After a nasi padang lunch of multiple dishes with my colleagues, I was drawn back to a lecture on strategy by Prof Cynthia Montgomery when she asked us whether we know the difference between Mission Statement, Company Values, Vision Statement and Strategy Statement.
The corporate boys from the big organisations were ecstatic. Like national anthems, they memorised each and every line of each and every kind of corporate statement and they sounded like they truly understood what they all mean. Meanwhile, I was lost and confused.
To a small entrepreneur like me, all the statements and visions can be combined into one. Like eating nasi campur without the curry. No clear idea, no understanding and no taste.
Without confusing you to death, I suggest you keep your life simple by just focusing on developing a Strategy Statement for your business and making sure it is a good one. Your statement should cover objective, scope and advantage.
Objective is the definition of the ends that the strategy is trying to achieve.
Scope is the domain of the business: the part of the landscape where the business will operate.
Advantage is your competitive advantage: what sets your business apart and what you will do differently from other competitors to achieve your objective.
As an exercise, let us try to define a Strategy Statement for National Feedlot Corporation (NFC) in not more than 35 words.
“We aim to replace 40% of beef imports into Malaysia through an integrated supply chain of local breeders and centralised meat processing to ensure consistent supply of fresh quality beef (at a lower price) to the rakyat.”
Since we need to squeeze the sentence into not more than 35 words, you can take out “(at a lower price).”
Anyway, on the strength of that Strategic Statement alone, any government in the world will gladly grant a RM250mil loan at 2% interest rate. And if the NFC had put those words into action, it would have benefited the company and the rakyat of the nation. Fresher less frozen beef and possibly at a lower price.
What if the NFC had to come up with a Mission Statement (Why we exist), Company Values (What we believe in and how we will behave), and Vision Statement (What we want to be)?
The existence of NFC must have originated from a brilliant analysis on beef supply. Notwithstanding the fact that cows bred in Malaysia tend to sweat in our tropical weather thus being less meaty compared with colder climate cows.
No comments on Company Values and Vision Statement as condominium ownership do not exactly fit into any of the statements.
Oh! I forgot to mention that the Hierarchy of Company Statements also include a Balanced Scorecard (How we will monitor and implement that plan). You be the judge.
For those of you who want to read more into the Hierarchy of Company Statements, the recommended reading is Can you say what your strategy is? by David J Collis and Michael G Rukstad, Harvard Business Review April 2008. It is a great article which if you understand will help you craft a great business plan with clear strategies that will serve as a guiding light throughout your corporation's journey.
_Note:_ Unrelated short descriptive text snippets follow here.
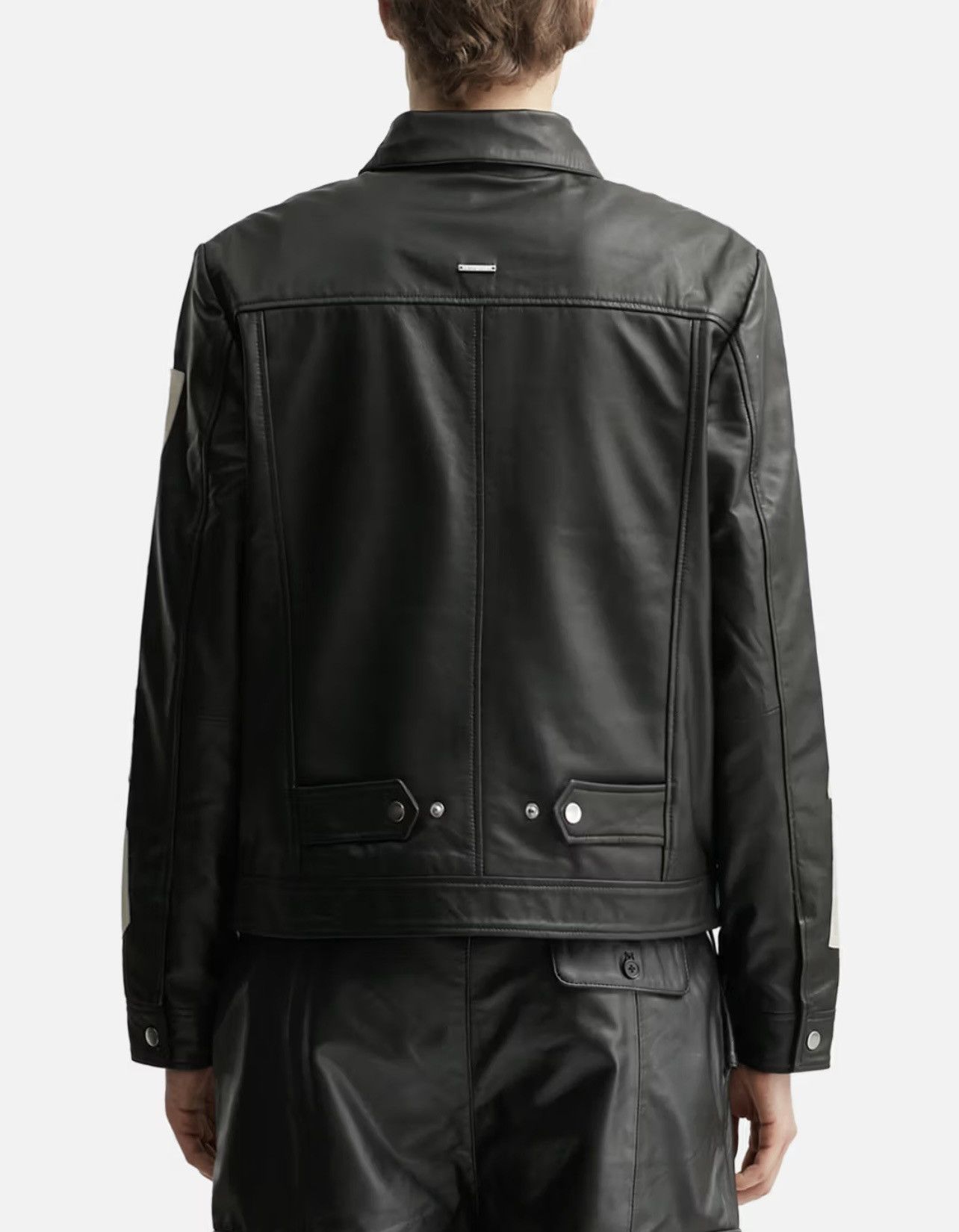 Deadwood !DS! AW23 Deadwood Gibbs Black Leather Jacket Size US M / EU 48-50 / 2 - 4 Thumbnail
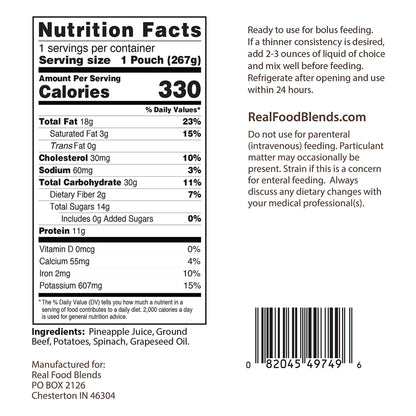 Real Food Blends™ Beef, Potatoes & Spinach Puree Blend for Tube Feeding, 9.4-oz.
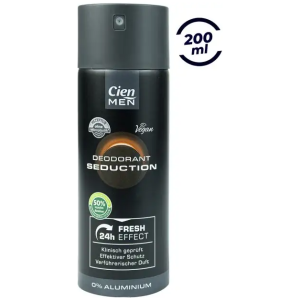Cien Déodorant séduction Men 200 ml 24 heures de fraîcheur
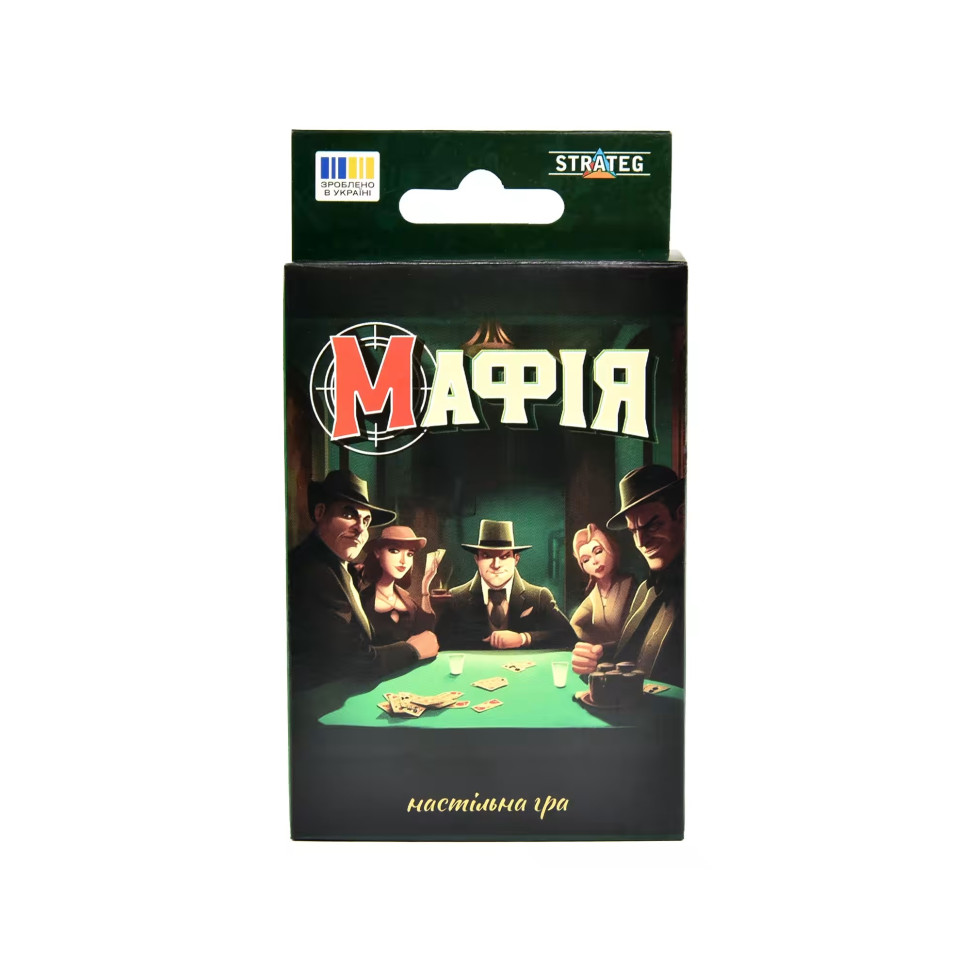 Настольная игра "Мафия" Stateg 30974ST 28 карточек, украинский язык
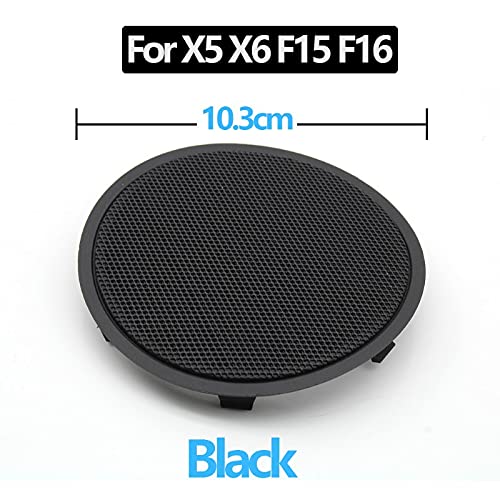 Speaker Cover Compatible With Bmw X5 Speaker Cover X5 F15 2014-2020 X6 F16 2014-2020 Black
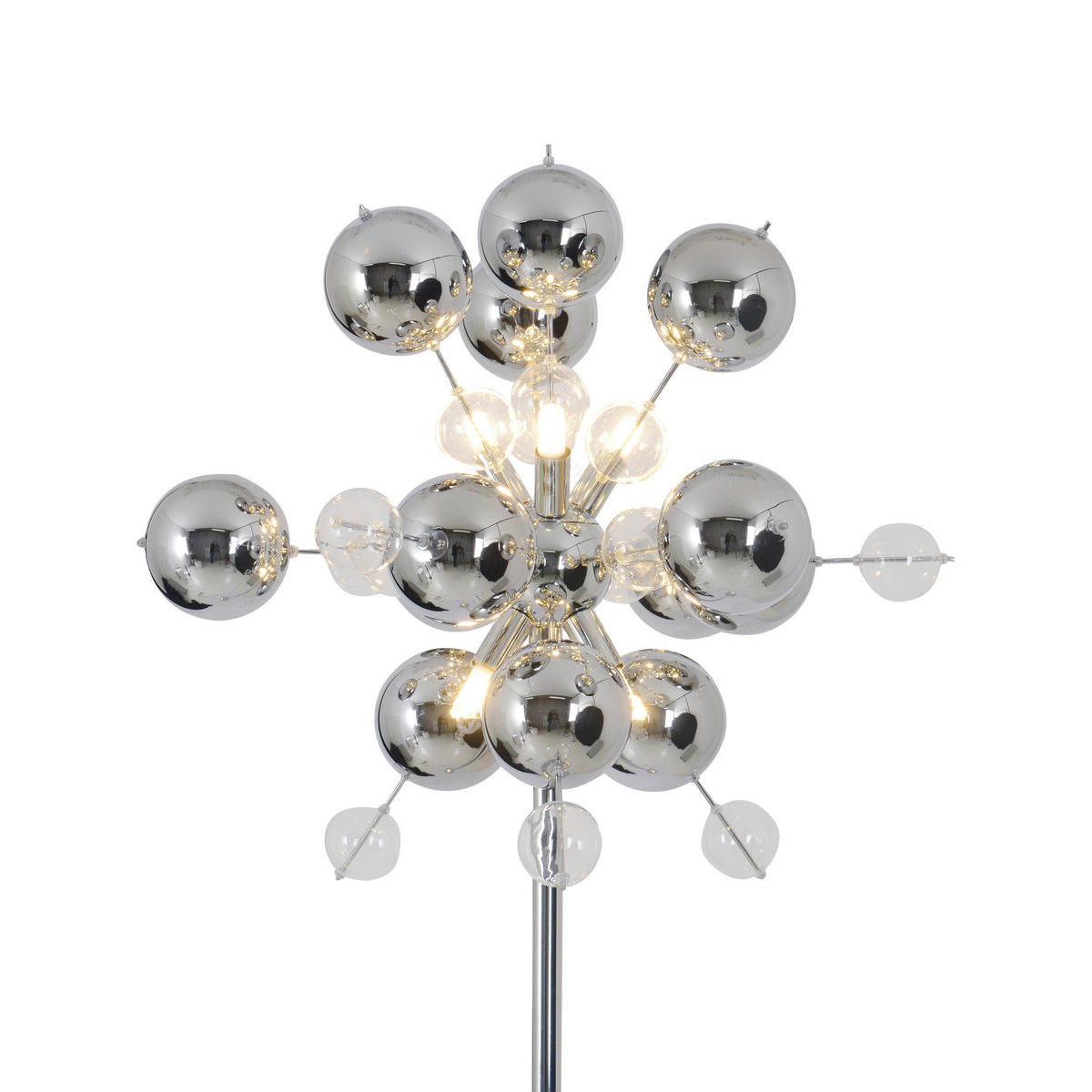 Näve Leuchten Stehleuchte 2027942 Chrom Glas Metall B/H/T: ca. 50x169x50 cm 6 Brennstellen Explosion - Chrom (50,00/169,00/50,00cm) - Näve Leuchten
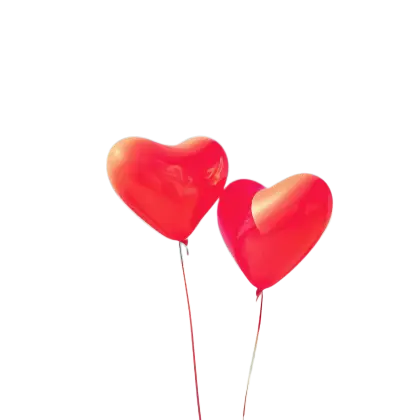 Red Heart-Shaped Balloons
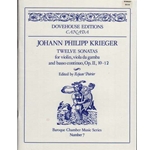 Krieger: 12 Sonatas, op. 2/10-12 (Sc+P)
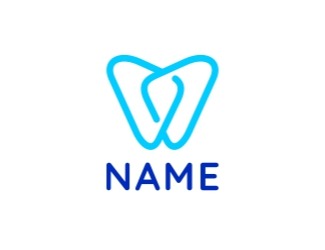 Projekt graficzny logo dla firmy online Dentysta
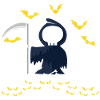 Grim Reaper Skeleton Ficphilia. Poison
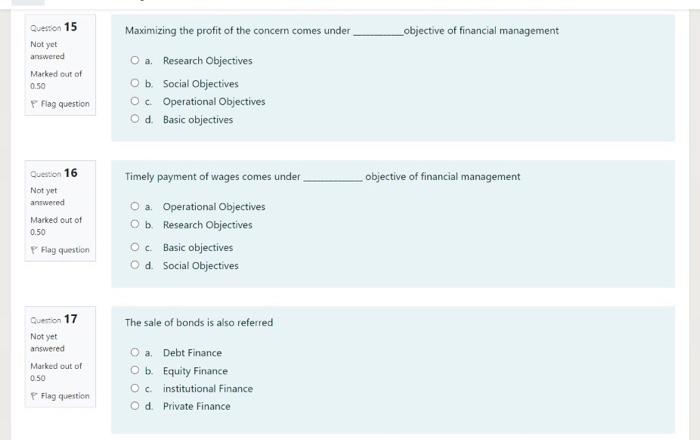  I need answer only please Question 15 Maximizing the profit of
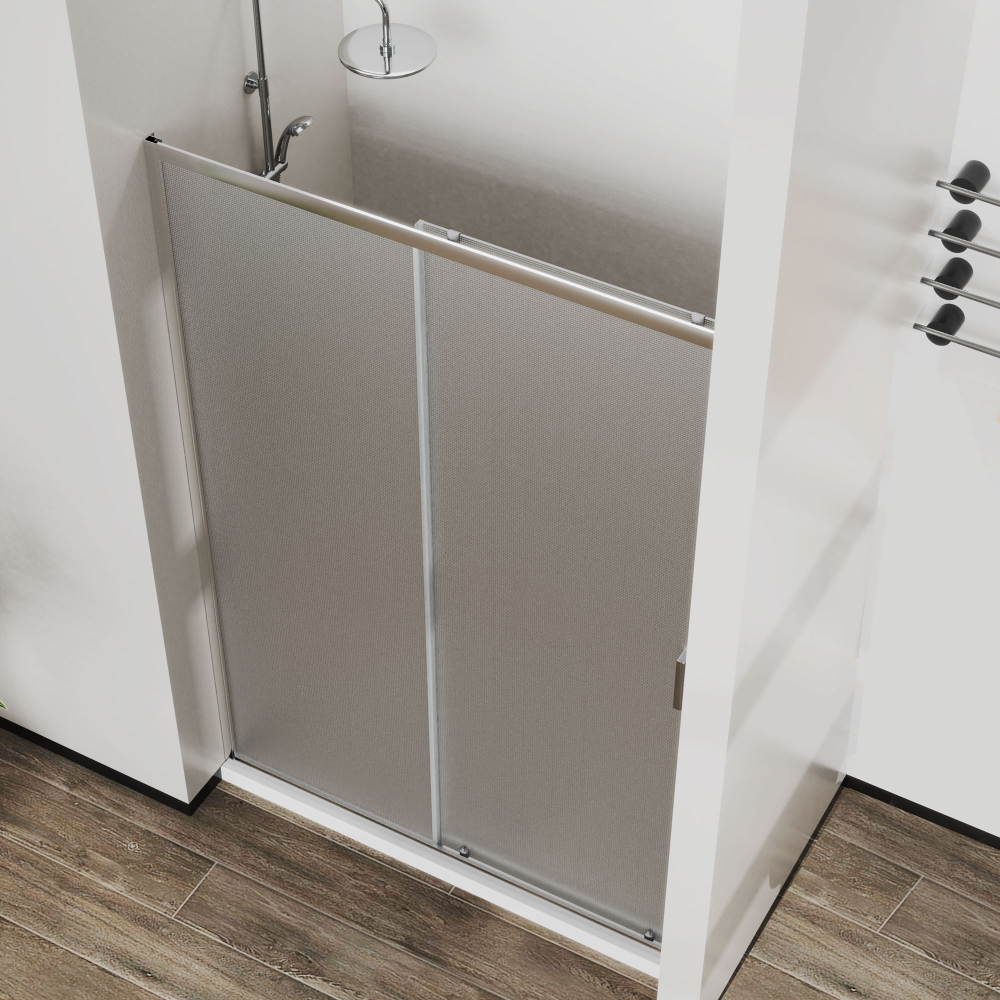 Душевая дверь Сити (City) VDS-5CT110MT, 1100, хром, стекло текстурное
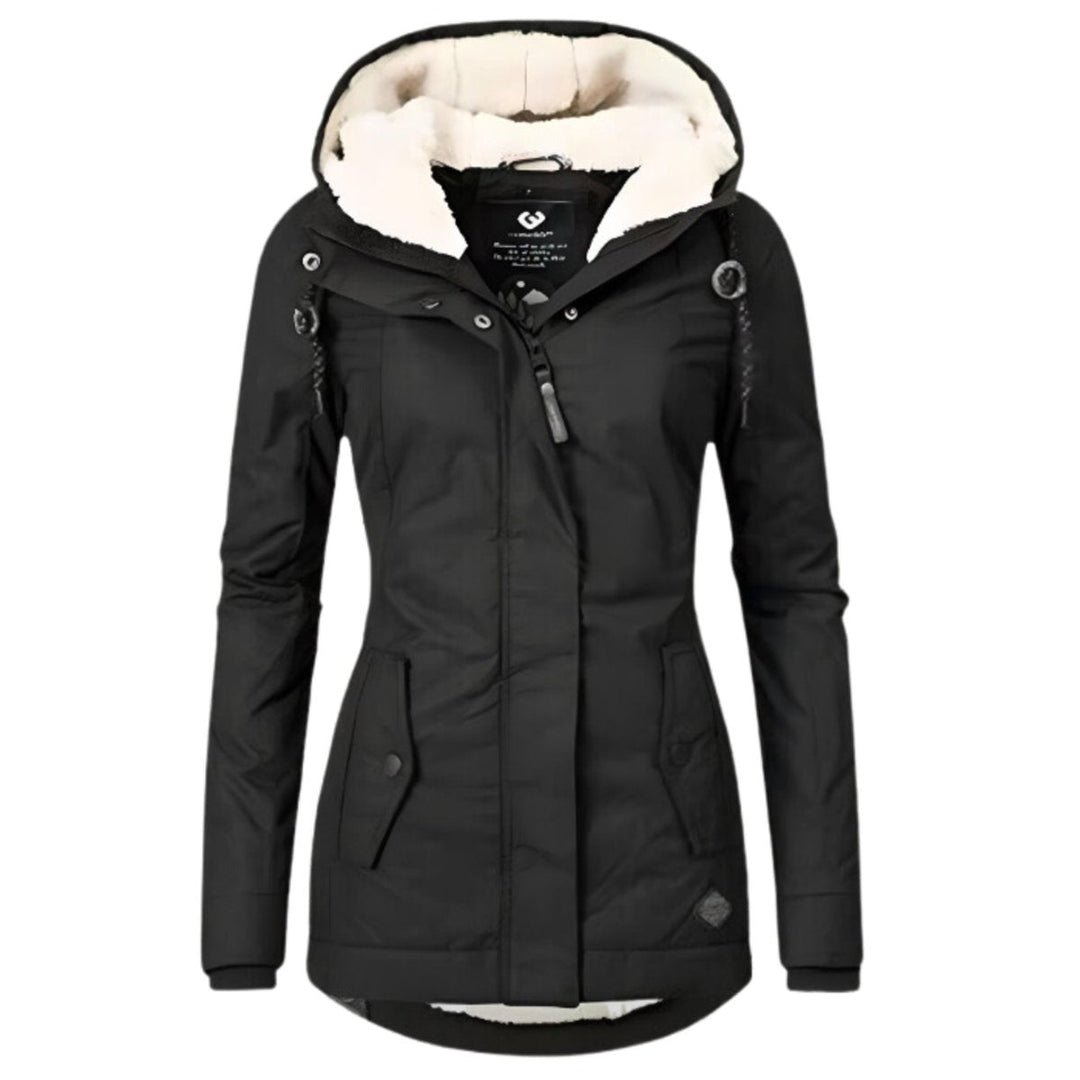 Women's Hooded Parka with Sherpa Lining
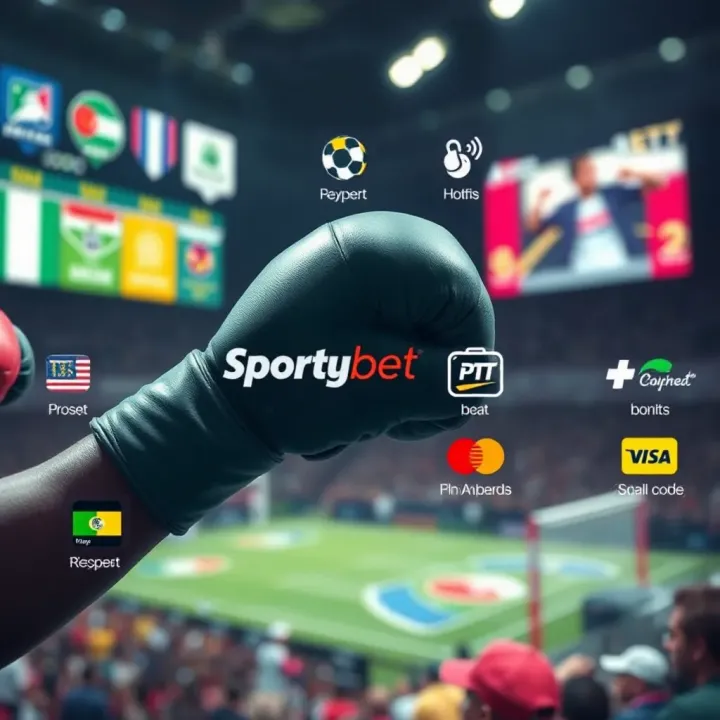 Popular Nigerian Payment Methods on SportyBet for Boxing Bets Various Nigerian payment methods icons accepted on SportyBet platform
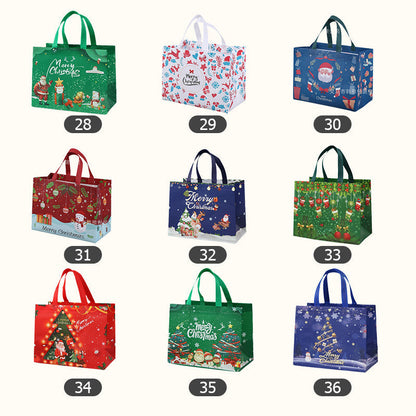 [Best Gift For Kids] Halloween & Christmas Non-Woven Candy Tote Bag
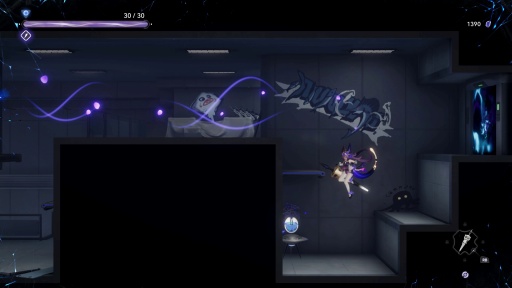 画像ギャラリー No.015のサムネイル画像 / ［プレイレポ］ 広大な学園内を飛び回り，得票率を高めよう。「少女と学園城」は可愛いキャラと不思議な舞台が魅力のメトロイドヴァニアだ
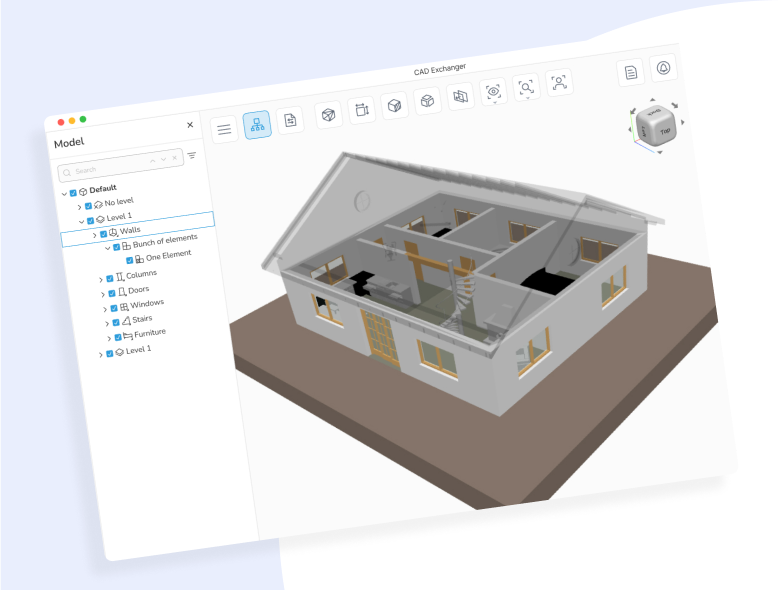 New BIM viewer mode in Lab, major Web Toolkit enhancements, and updated persistence format lineup for data models in CAD Exchanger 3.20.0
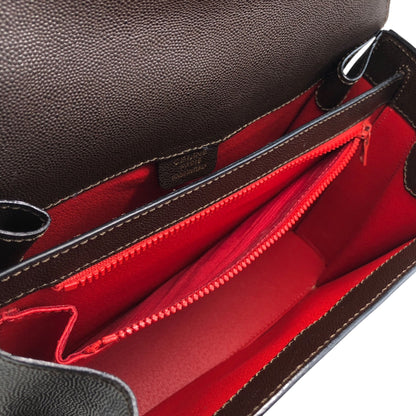 CELINE Gancini Handbag Brown Vintage jnvpdi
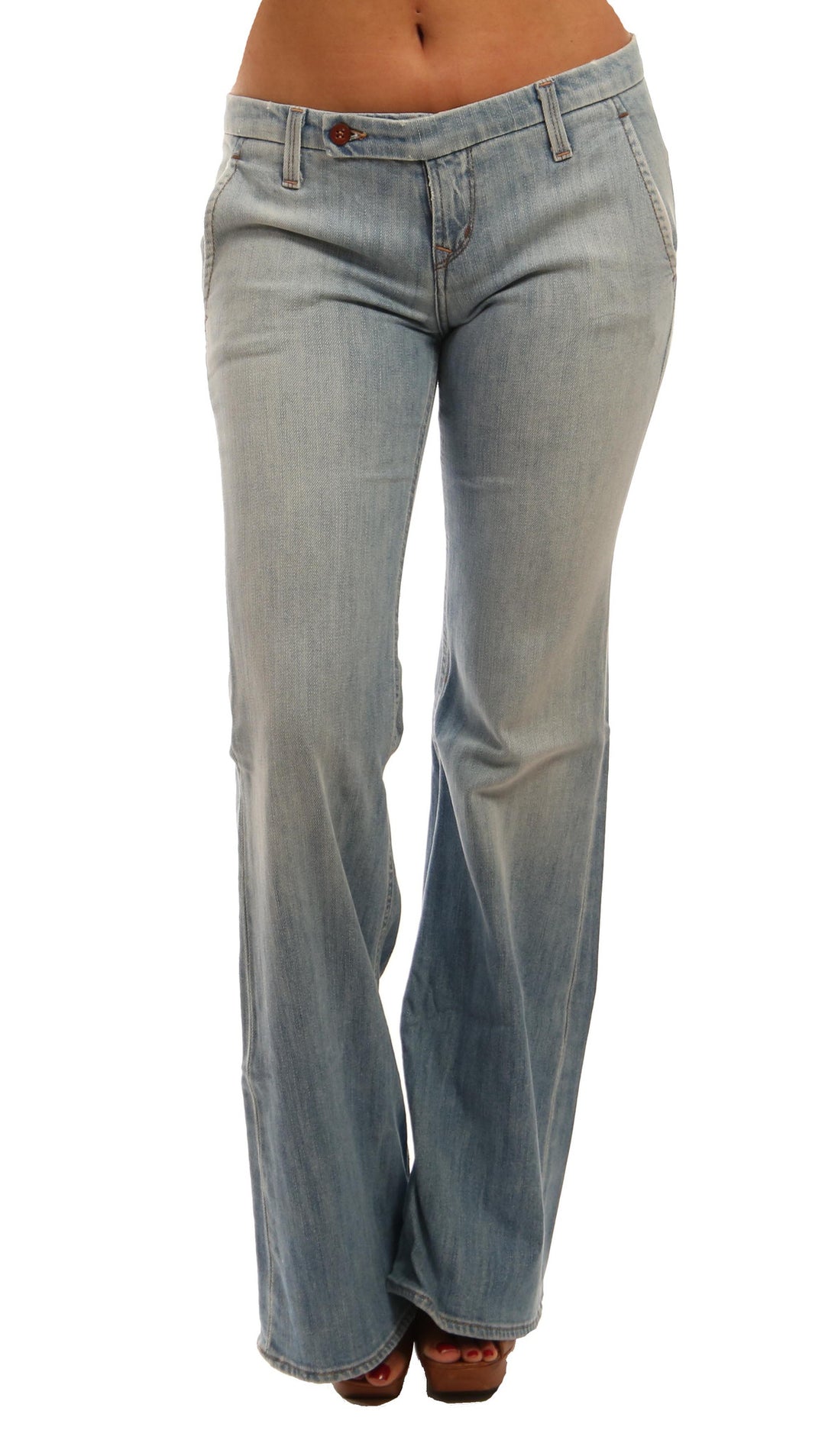 Raven Denim Courtney Trouser Jean in Malibu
But if you have a simple mind like me, then a well worded Strategic Statement will suffice. With just a 35 word statement, you would have clarity as to the end point you want to achieve within a certain timeframe. You will also define the landscape in which you want your business to operate. Lastly, you will know what competitive advantage your business will have to help you achieve your objectives.
So, if you are starting a new business, try to put up a 35 word Strategy Statement on what your new business is all about. Words that will lead to action. But do spend more time to develop these few words that truly capture your strategy. Words that will energise and empower your people who will raise the long term financial performance of your organisation.
Writing so many words have made me hungry again. Should I have fresh Malaysian beef rendang or against my doctor's advice, a full banana leaf meal? Suffering from jet lag and blurred vision, my food mission will have to be abandoned. I will head home for a simple meal of porridge with ikan bilis and salted eggs.